The electric vehicle industry has had higher sales than before, and the problem with EVs isn't with demand but with supply.

Rivian CEO RJ Scaringe had warned in April that the EV battery problem was enough to warrant concern. He said 95% of the battery supply chain "does not exist." Constant semiconductor shortages and rising inflation have only fired those flames. Kelley Blue Book's figures list EVs as accounting for 5.6% of all new vehicle sales. The demand is there for EVs. That number is up from 1.4% in 2019 and will continue to grow as automakers switch to electric fleets.

Corey Cantor, a researcher at BloombergNEF, told CNN that "demand is definitely there" and will continue to grow. He noted that the issue is with "automakers not being able to ship enough."

This has led to waiting times of three years or more for Ford's award-winning electric version of its F-150. Ford's vice president of electric vehicle programs told CNN that all 150,00 Mustang Mach-Es produced were for customer orders. Ford couldn't produce enough to send out to dealer lots even though there was more than enough demand for it.

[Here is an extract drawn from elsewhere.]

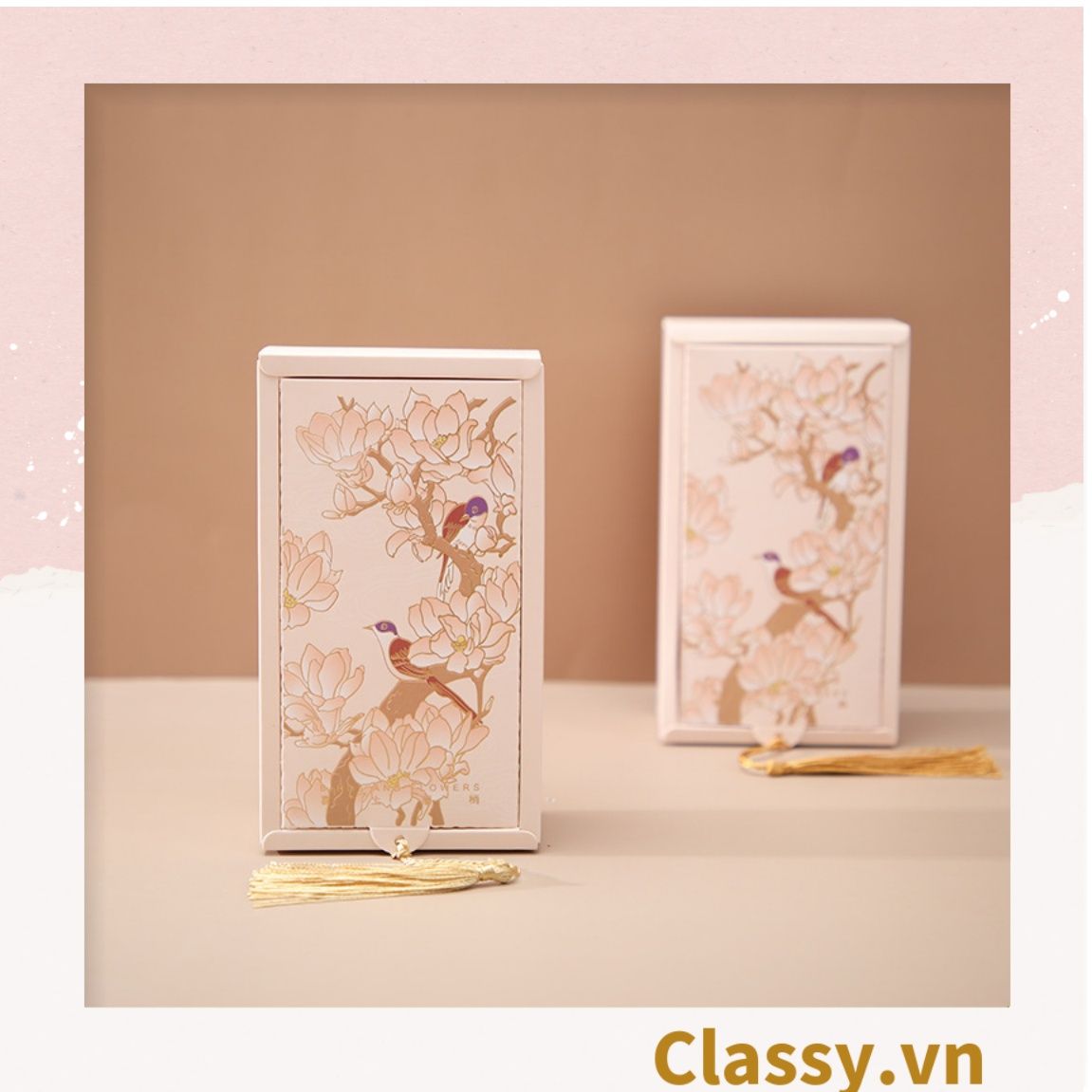 Q904 - (Kích thước 8.5*4.3*14.9cm) - Hộp giấy cổ điển bằng giấy tự gấp đựng quà tặng kèm ruy băng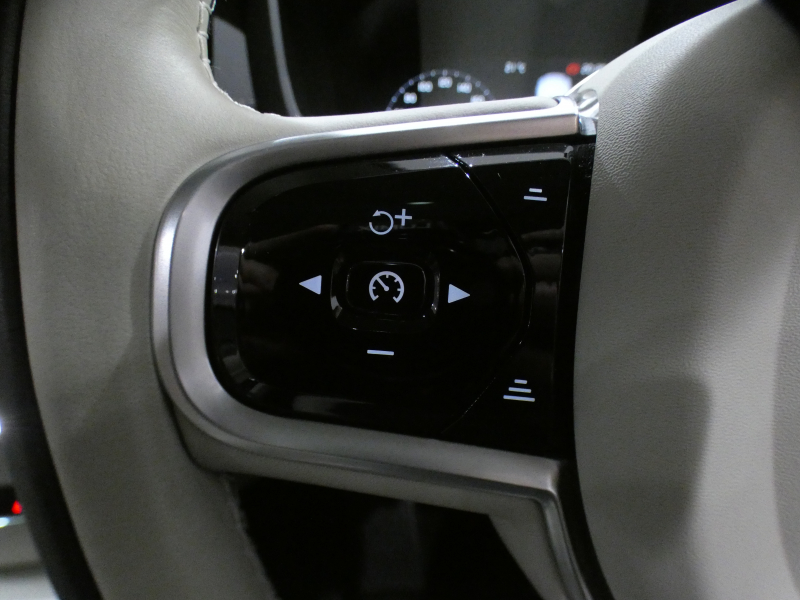 ボルボ V60 V60 T5ｲﾝｽｸﾘﾌﾟｼｮﾝ ﾌﾟﾗｽPKG　1ｵｰﾅｰ 追ACC･LKA･ LCMA ｽﾃｱﾋｰﾀｰ 白革 全席ﾋｰﾀｰ ﾍﾞﾝﾁﾚｰﾀｰ ﾏｯｻｰｼﾞ機能 ﾊﾟﾉﾗﾏSR ﾀｯﾁｽｸﾘｰﾝHDDﾅﾋﾞTV harman/K 全周ｶﾒﾗ ﾍｯﾄﾞｱｯﾌﾟDSP LEDﾗｲﾄ ｵｰﾄﾃｰﾙｹﾞｰﾄ 19AW　2年保証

Shortages and high prices are concerns for automakers as a whole, even for Tesla. CEO Elon Musk tweeted in April that the prices of the lithium needed to manufacture EVs had "gone to insane levels," adding that Tesla would have "to get into the mining & refining directly at scale, unless costs improve."

Musk explained that while there is no shortage of lithium itself in its raw state, but it's the "pace of extraction/refinement" that is not fast enough to meet with demands.

More EVs are set to flood the market in 2023 and the Inflation Reduction Act with its EV tax credits could flood the market even further. This will push EV sales to continue rising and for the supply chain to remain an issue.